■ PROVIDED RECORDS:
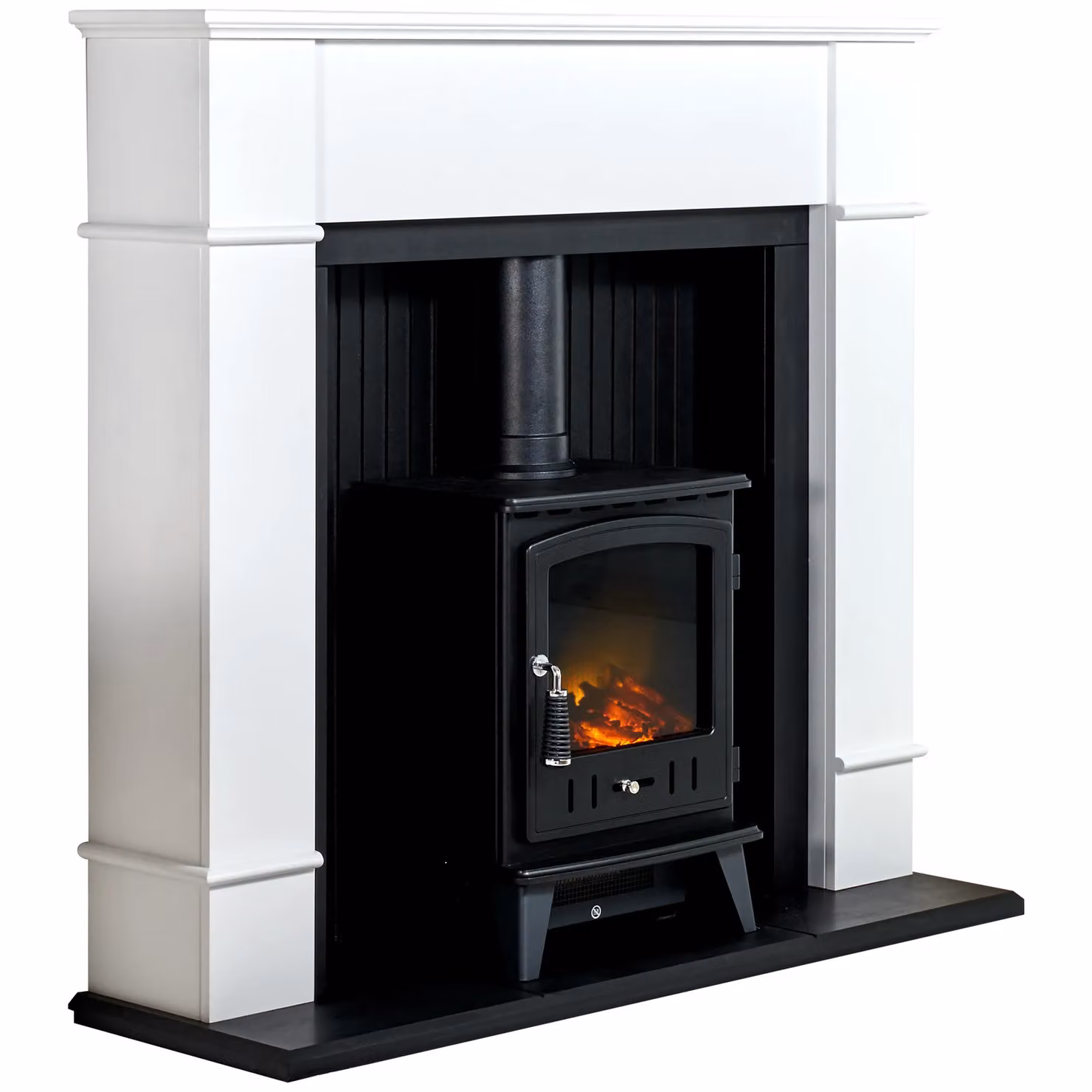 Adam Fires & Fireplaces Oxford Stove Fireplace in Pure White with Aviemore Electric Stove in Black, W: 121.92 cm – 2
---
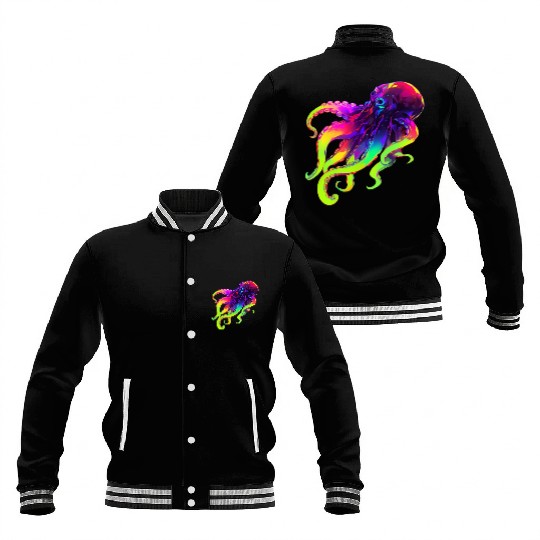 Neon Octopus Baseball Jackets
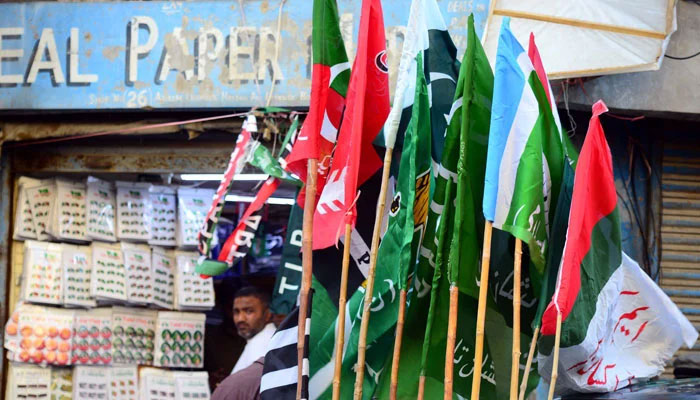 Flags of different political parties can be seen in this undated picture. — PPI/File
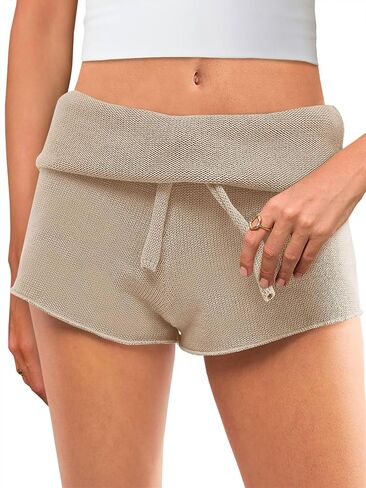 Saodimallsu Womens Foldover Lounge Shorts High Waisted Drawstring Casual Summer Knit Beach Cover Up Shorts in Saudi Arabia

■ TRY IT: Going back to the data above, write out everything from the line with "Flags of different" down to the line with "Saodimallsu Womens Foldover", both included, leaving every picture out.

■ WRITTEN REPLY:
 Flags of different political parties can be seen in this undated picture. — PPI/File
 Saodimallsu Womens Foldover Lounge Shorts High Waisted Drawstring Casual Summer Knit Beach Cover Up Shorts in Saudi Arabia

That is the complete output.